Reinhold Messner, arguably the strongest mountaineer of all time, never climbed the Torre because he unabashedly says he's afraid of those walls and doesn't think he's good enough (he's been an extreme mountaineer, not an equally inhuman climber). He meticulously pieces together all the notes from the era, subsequent climbs, and firsthand accounts with the protagonists, reconstructing the story of this devilish mountain from '59 to 2008. From Casimiro Ferrari, who conquered the mushroom of "foamy ice" in '74 and is unjustly overshadowed in the Torre's history by Maestri, to contemporary Salvaterra (the king of the Torre). His opinion is transparently clear, almost redundant, and repetitive: Maestri is not a liar, he was one of the greatest ever, a loyal person. Simply, after the shock of his companion’s death and having risked his own life, his mind is convinced of something he didn't actually do with Egger: climbing the Torre. The extreme mountain can cause this. For this reason, when he returned in '70 and conquered the Cerro (for Maestri, the Torre ends with the rock and not with the ice mushroom that comes and goes), transporting that inhuman weight, he did not retrace the '59 route. His mind has prevented him from reliving that route because it knew it was impossible. If he were born a few decades later, he would have climbed it for sure, but in '59, even the extraterrestrial from Trento didn't have the technical means to overcome those walls, and just attempting it is proof of incredible courage, skill, and recklessness. Maestri, for his part, says that the '59 route was a product of luck and practically unrepeatable conditions, and in '70, he wanted to show that the Torre could be reached from the side where climbers of the time failed, and he narcissistically emphasizes that he used the compressor hundreds of meters above where everyone else had stopped proving his infinite class.
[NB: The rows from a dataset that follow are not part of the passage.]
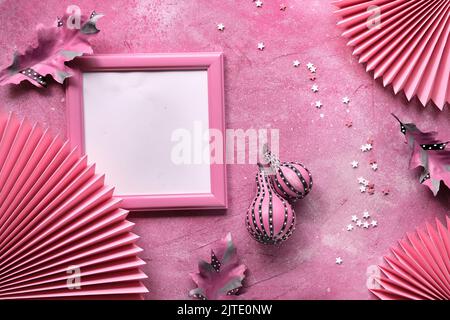 Rosafarbener Bilderrahmen mit gestreifte Kürbisse aus dem Herbst, herbstlich trockene Blätter. Papierfächer, Zucker streut auf rosa strukturiertem monochromatischem Hintergrund. Stockfoto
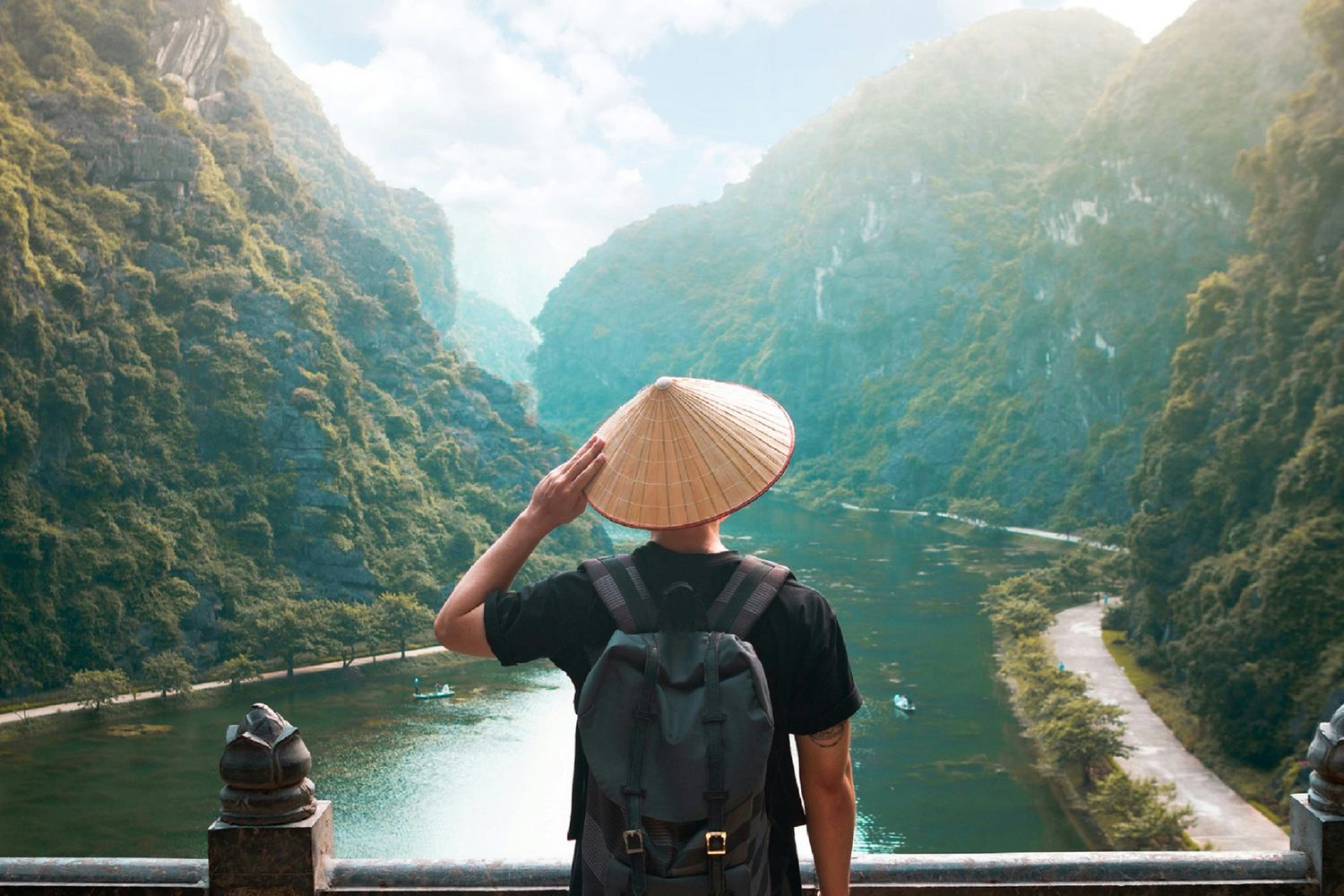 Viajero de espaldas con sombrero cónico vietnamita contempla el valle kárstico de Trang An, Vietnam
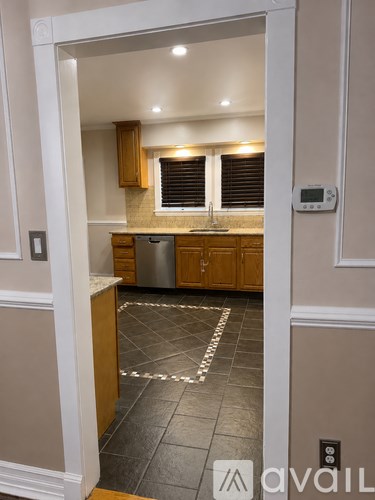 A kitchen with wooden cabinets and a tile floor.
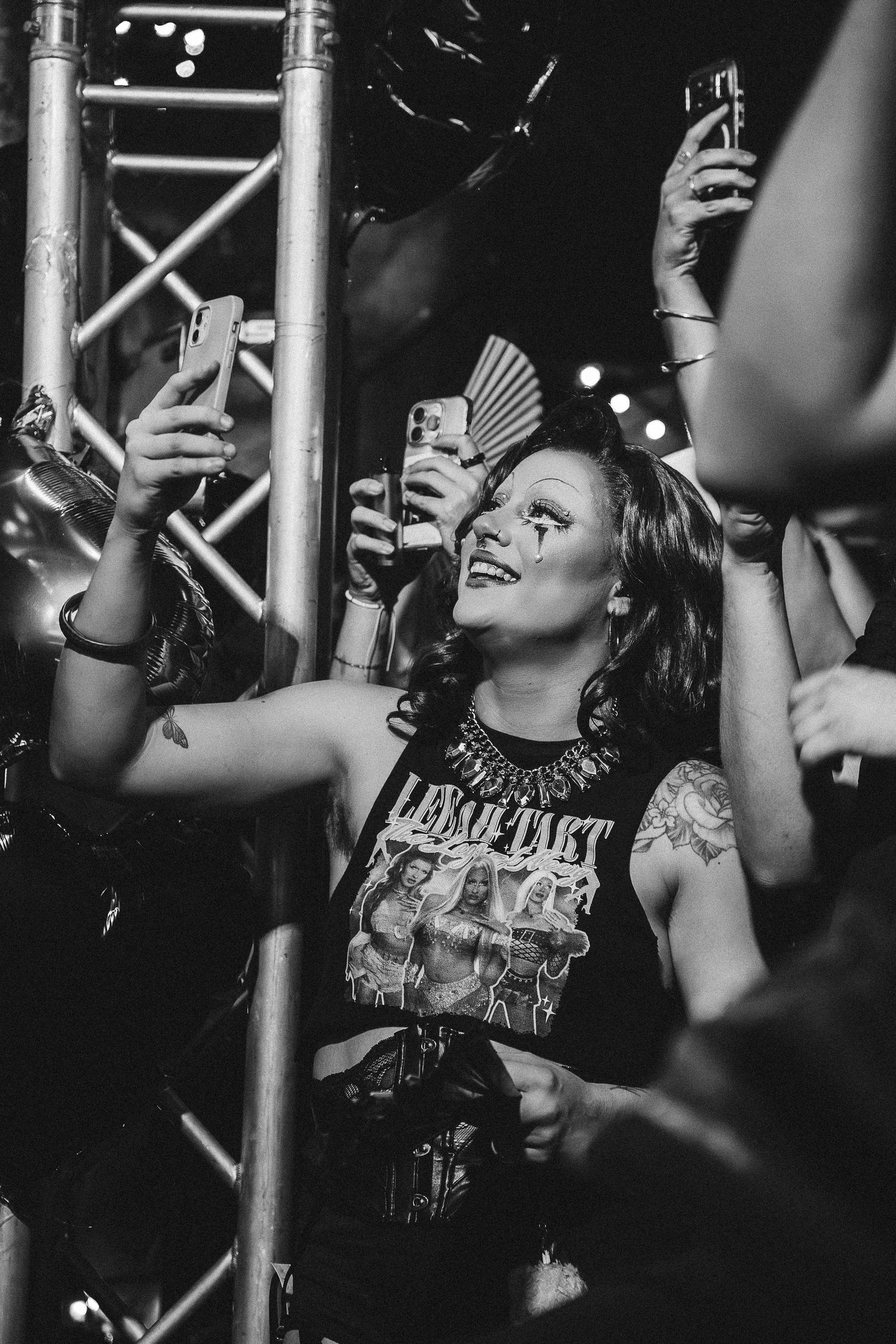 Person in crowd in band tee smiling and taking selfie at crowded concert venue event at The Lass O'Gowrie Hotel.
It is a story that is hard to believe could be true. It tells of the drive for the impossible, to constantly push one's limits, and the quest to become immortal. Vanity, courage, and madness mix in people ready to sell everything, incur debts just to prove to themselves and the world that humans have resources and capabilities that verge on the imaginary. Overcoming bivouacs on the wall at -30°, climbing icy seventh-grade walls with boots and ice axes from that time are of the incredible. Many people might feel disdain for how they played, and sometimes lost, with death or indifference at the deeds of these characters. Yet those who know they have a special gift seem to feel they have a duty: to try to raise the bar. It is so in all fields, and the story of Maestri and the Torre is just one of the most incredible demonstrations or stories. Regardless of what the truth may be, I invite you to read this book (and perhaps one from the person directly involved to hear both sides). I devoured the 300 pages in 10 hours and savored the terrifying photographs of the Torre. Maestri and Egger have nonetheless tied their names to that cursed mountain, and the mere fact that they attempted to climb it in 1959, because they believed they could do it, makes them immortal. If they eventually find an expansion bolt, the result of thousands of powerful hammerings where Maestri says he placed it 50 years ago, then everyone, but everyone, will have to bow to the boastful Trentino ahead of his time who used to say: “there are no impossible mountains, only men incapable of climbing them”.